What you need to do: Under this line sits a listing. Repeat exactly and only its lines from the one holding "Улицы Жабляка, Черногория" through the one holding "Мышь проводная A4TECH X5-3D-2 USB синий"; skip pictures.
──────── Data for the task
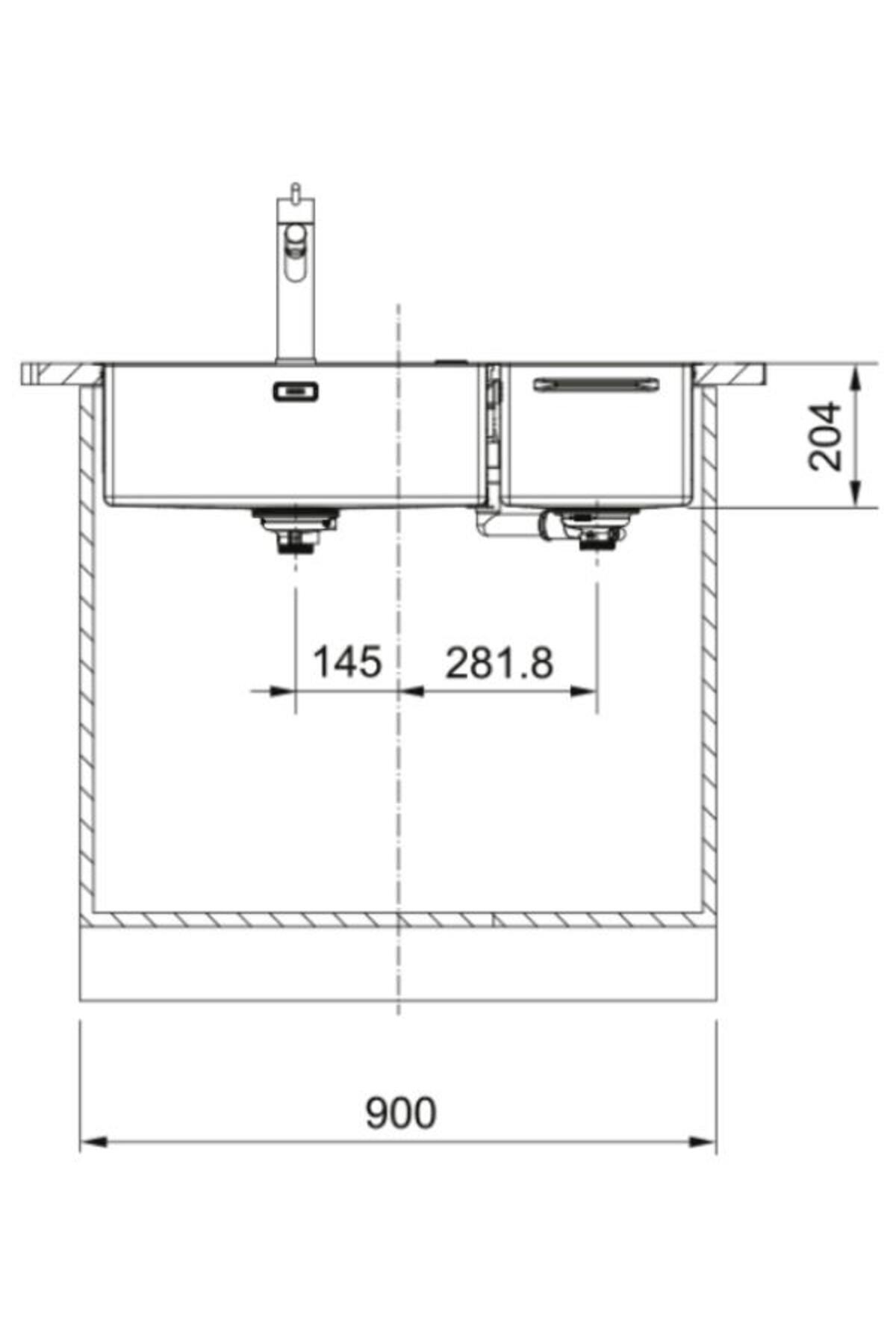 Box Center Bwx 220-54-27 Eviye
────────────────
──────── Data for the task
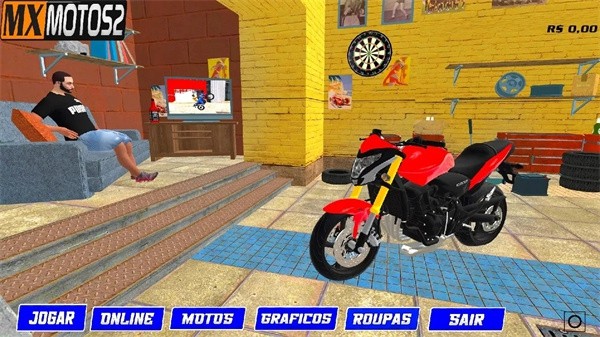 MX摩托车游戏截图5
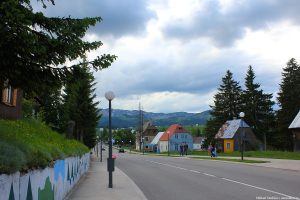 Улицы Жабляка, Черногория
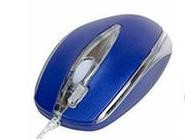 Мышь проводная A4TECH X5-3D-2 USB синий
────────────────
──────── Data for the task
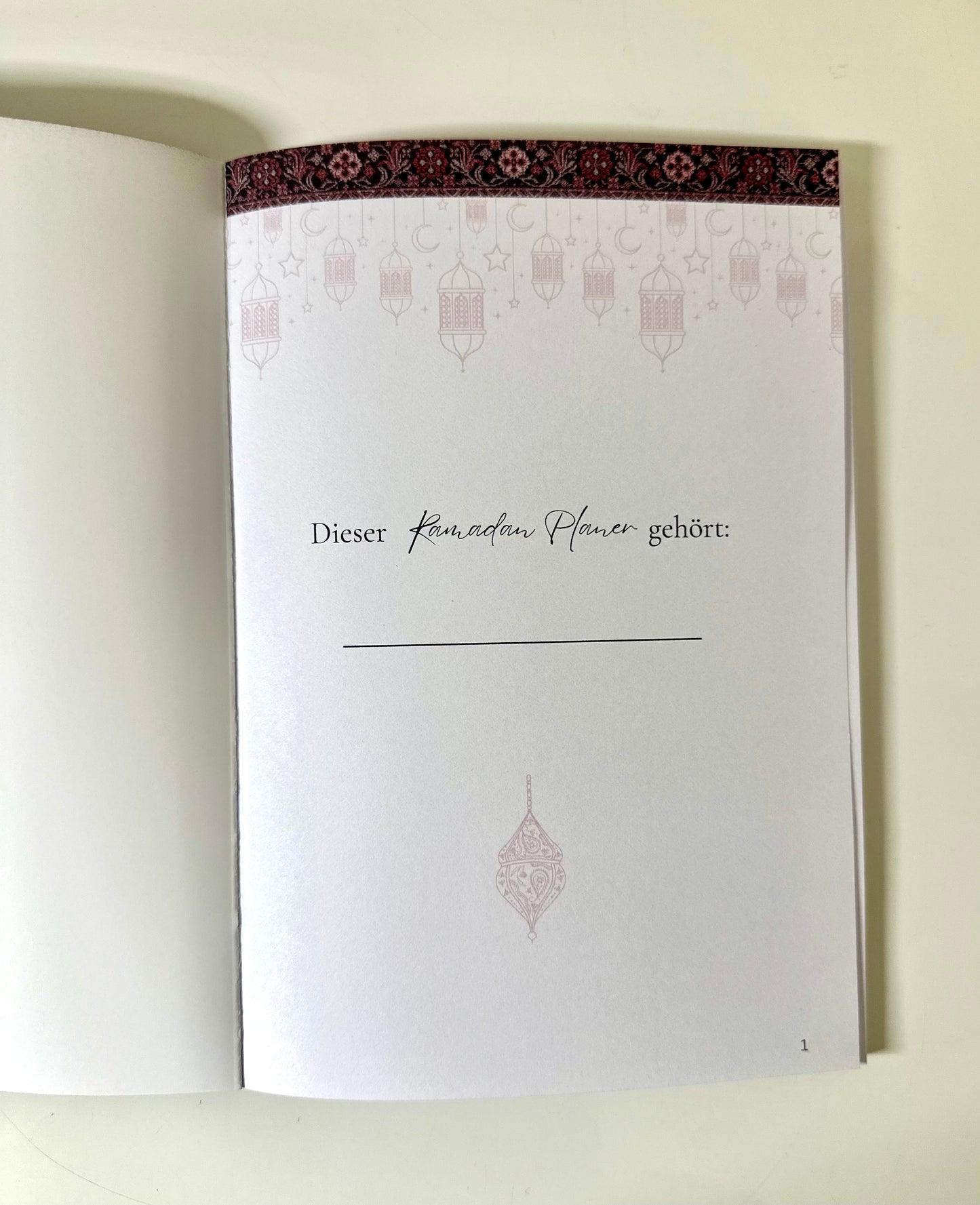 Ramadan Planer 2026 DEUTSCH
────────────────
Answer space:
 Улицы Жабляка, Черногория
 Мышь проводная A4TECH X5-3D-2 USB синий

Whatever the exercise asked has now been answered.